GEG: Comparing Classical Bag-Of-Word And Neural Sentiment Algorithms

UPDATE (1/21/2020): The GEG neural sentiment scores are now integrated into the core GEG dataset instead of a separate dataset.

 

Last month as part of the Global Entity Graph (GEG) we released a dataset of neurally-derived document-level sentiment scores for 103 million worldwide English-language news articles published 2016-2019 as computed by Google's Cloud Natural Language API. How do these deep learning-powered sentiment scores compare with the classical bag-of-word sentiment scores computed by both the GDELT V2Tone engine in the GKG and some of the major positive/negative tone scores in the GKG's GCAM?

While the GEG neural sentiment dataset extends back to July 2016, changes in the composition of articles GDELT ran through the Cloud Natural Language API (it initially favored longer articles or articles with certain kinds of linguistic complexity versus the random sampling approach eventually adopted), this comparison is limited to the timeframe September 1, 2017 through the October 4, 2019 end of the dataset, which yields 69,443,572 total articles (67% of the total).

To compare the classical scores of the GKG with the neural GEG score, the two datasets were merged in BigQuery with a single join. Of the nearly 3,000 dimensions in the GCAM, six common positive/negative dictionaries were selected along with GDELT's native basic tone score:

  • ANEW (Affective Norms for English Words). The all-genders Valence score was used. Affective norms for English words (ANEW): Stimuli, instruction manual and affective ratings. Technical report C-1, Gainesville, FL. The Center for Research in Psychophysiology, University of Florida.
  • General Inquirer. Computed as "POSAFF – NEGAFF". This is the "General Inquirer V1.02 (IV-4 Harvard Psychosocial Dictionary / Namenwirth & Weber's Lasswell Dictionary)". Philip J. Stone, Robert F. Bales, Zvi Namenwirth, & Daniel M. Ogilvie (1962). 'The General Inquirer: A computer system for content analysis and retrieval based on the sentence as a unit of information'. Behavioral Science, 7(4), 484-498
  • GDELT GKG V2Tone. This is GDELT's native basic tone score, designed to offer a general-purpose tone indicator.
  • Lexicoder. Computed as "POSITIVE – NEGATIVE". Lori Young and Stuart Soroka. (2012). 'Affective News: The Automated Coding of Sentiment in Political Texts'. Political Communication 29: 205-231. Available at http://lexicoder.com/
  • LIWC (Linguistic Inquiry and Word Count).

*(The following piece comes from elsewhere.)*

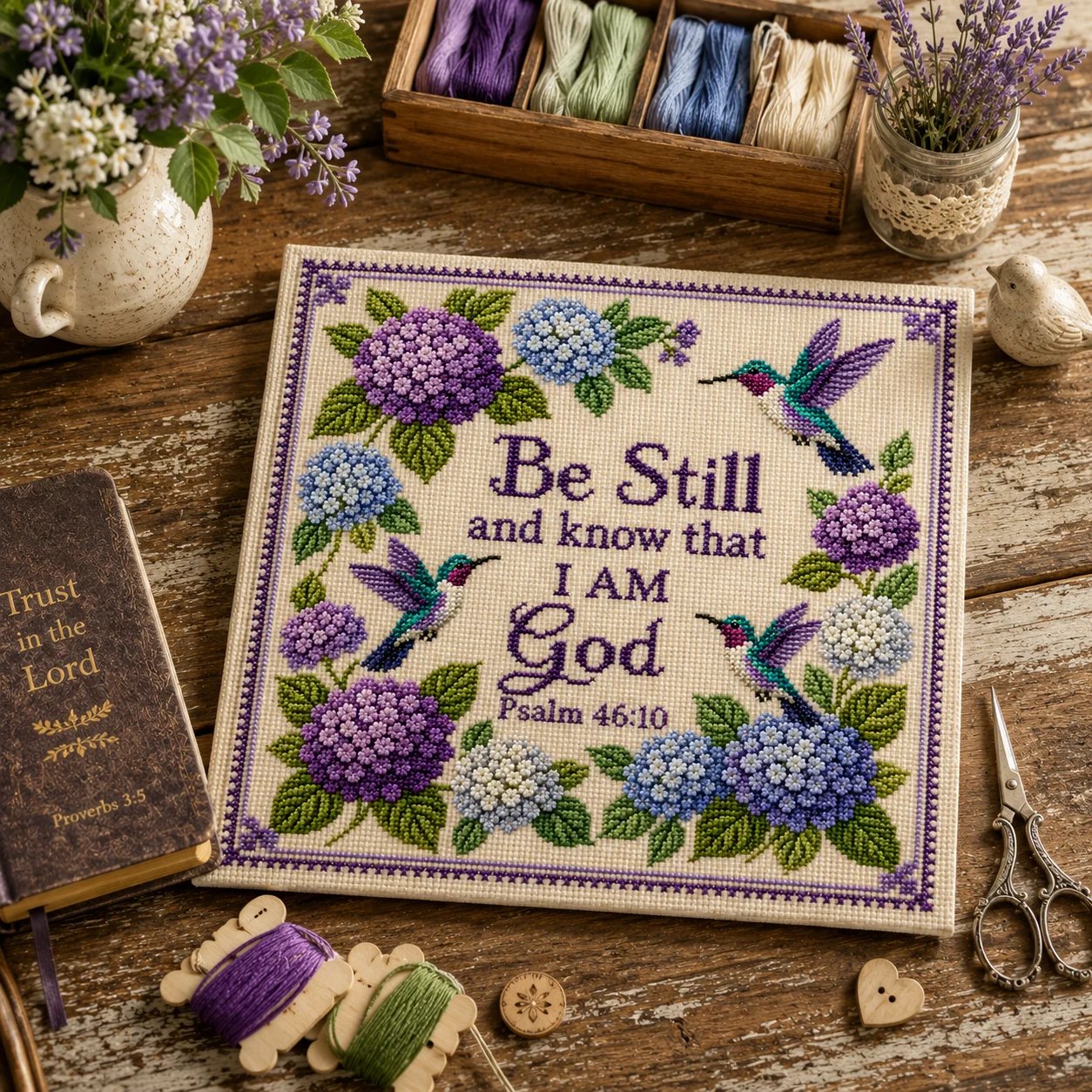 🔥Last Day 50% OFF - ✝️🪡 Hummingbird Garden Faith Cross Stitch Kit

Computed as "PositiveEmotion – NegativeEmotion".  Pennebaker, J. W., Booth, R. J., & Francis, M. E. (2007). 'Linguistic Inquiry and Word Count: LIWC [Computer software]'. Austin, TX. Available at http://www.liwc.net/
  • Opinion Observer. Computed as "Positive – Negative". Bing Liu, Minqing Hu and Junsheng Cheng. (2005). 'Opinion Observer: Analyzing and Comparing Opinions on the Web.' Proceedings of the 14th International World Wide Web conference (WWW-2005), May 10-14, 2005, Chiba, Japan.
  • SentiWordNet 3.0. Computed as "Positive – Negative". Andrea Esuli Stefano Baccianella and Fabrizio Sebastiani. (2010). 'Sentiwordnet 3.0: An enhanced lexical resource for sentiment analysis and opinion mining'. In LREC.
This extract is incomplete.